Leave out all pictures while you copy the lines exactly from the one with "如何选择靠谱的私家侦探服务？担心被欺骗怎么办？" through the last line of the listing.
"""
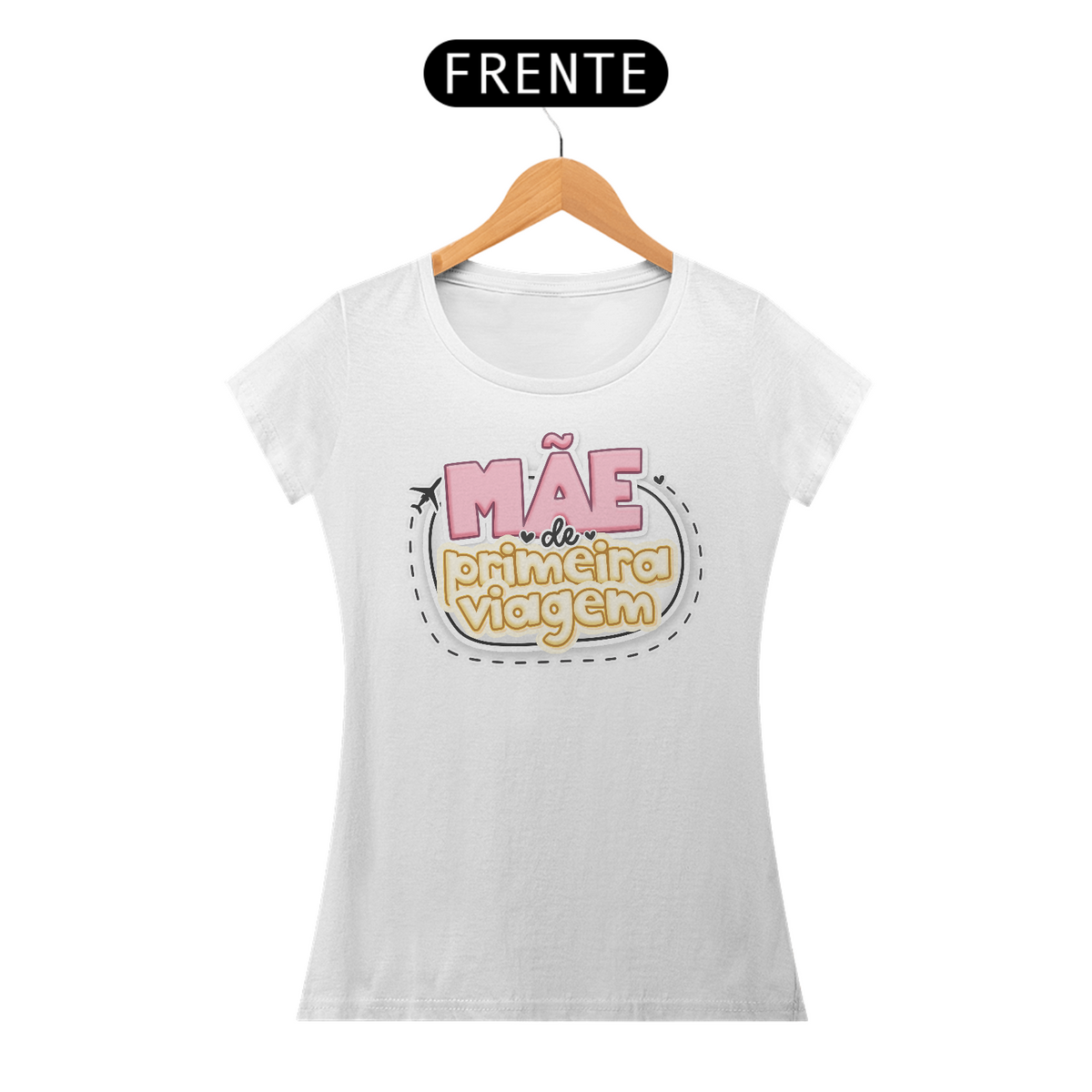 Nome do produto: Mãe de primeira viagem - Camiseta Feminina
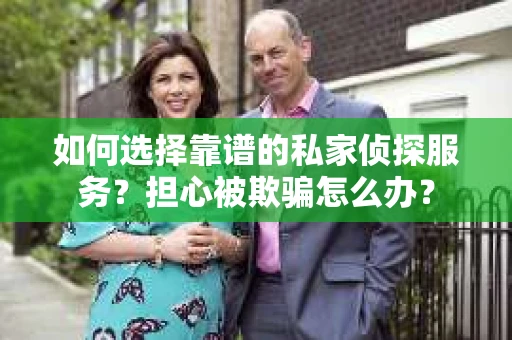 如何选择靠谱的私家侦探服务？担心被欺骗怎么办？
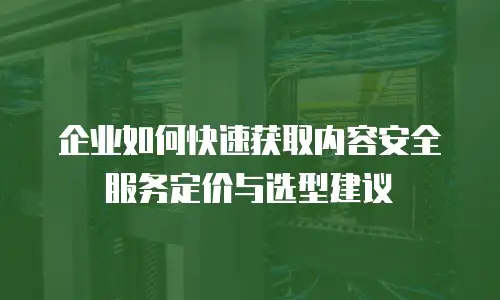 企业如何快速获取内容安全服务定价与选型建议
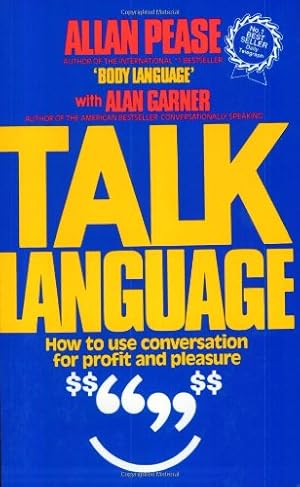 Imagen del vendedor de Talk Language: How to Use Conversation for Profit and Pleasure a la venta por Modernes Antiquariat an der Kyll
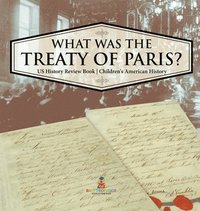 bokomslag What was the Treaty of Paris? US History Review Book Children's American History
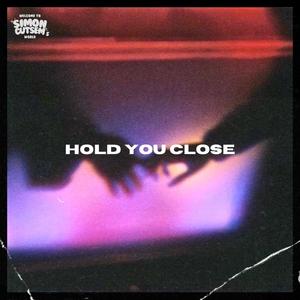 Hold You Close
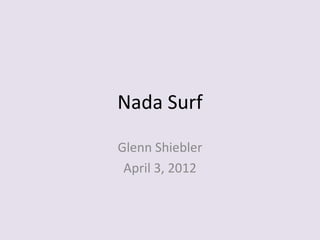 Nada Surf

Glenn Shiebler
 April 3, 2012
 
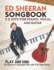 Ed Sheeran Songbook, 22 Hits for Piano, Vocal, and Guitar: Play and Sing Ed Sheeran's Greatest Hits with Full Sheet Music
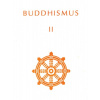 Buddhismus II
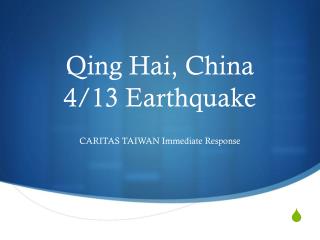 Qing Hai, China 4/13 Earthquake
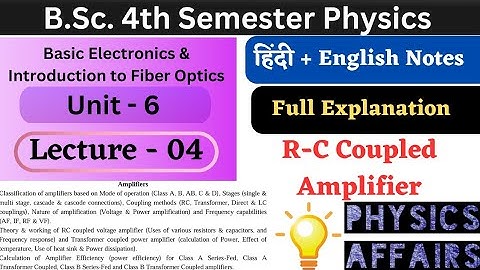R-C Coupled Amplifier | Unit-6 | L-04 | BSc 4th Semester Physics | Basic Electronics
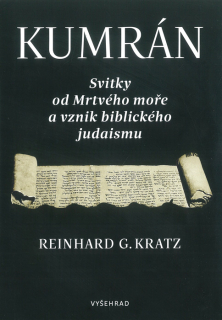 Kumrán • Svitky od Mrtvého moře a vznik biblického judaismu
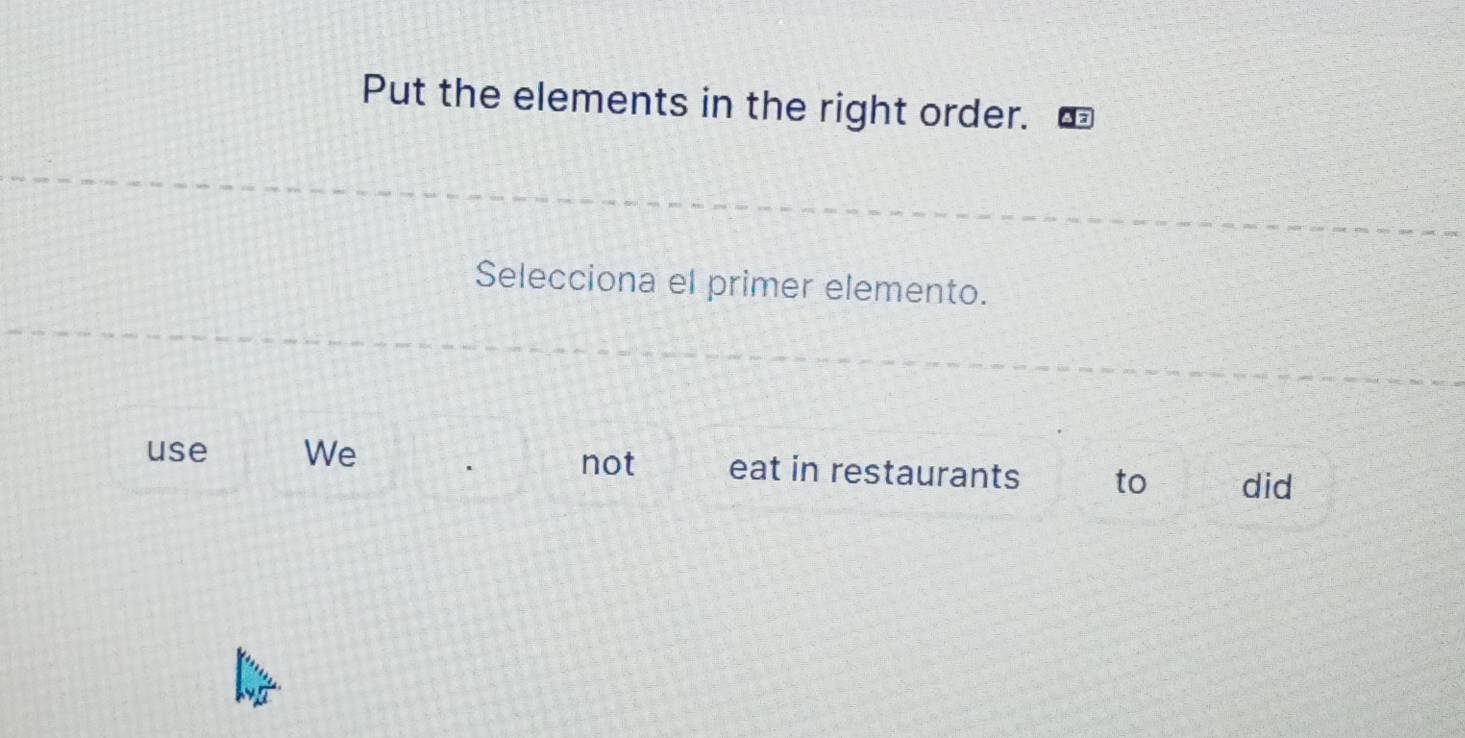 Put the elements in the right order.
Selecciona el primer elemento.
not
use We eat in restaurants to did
"""
- Answer box -
 如何选择靠谱的私家侦探服务？担心被欺骗怎么办？
 企业如何快速获取内容安全服务定价与选型建议
 Imagen del vendedor de Talk Language: How to Use Conversation for Profit and Pleasure a la venta por Modernes Antiquariat an der Kyll
 bokomslag What was the Treaty of Paris? US History Review Book Children's American History
 Hold You Close
 Nada Surf

Glenn Shiebler
 April 3, 2012
 
 Ed Sheeran Songbook, 22 Hits for Piano, Vocal, and Guitar: Play and Sing Ed Sheeran's Greatest Hits with Full Sheet Music
 Buddhismus II
 Qing Hai, China 4/13 Earthquake
R-C Coupled Amplifier | Unit-6 | L-04 | BSc 4th Semester Physics | Basic Electronics
 Kumrán • Svitky od Mrtvého moře a vznik biblického judaismu
 Put the elements in the right order.
Selecciona el primer elemento.
not
use We eat in restaurants to did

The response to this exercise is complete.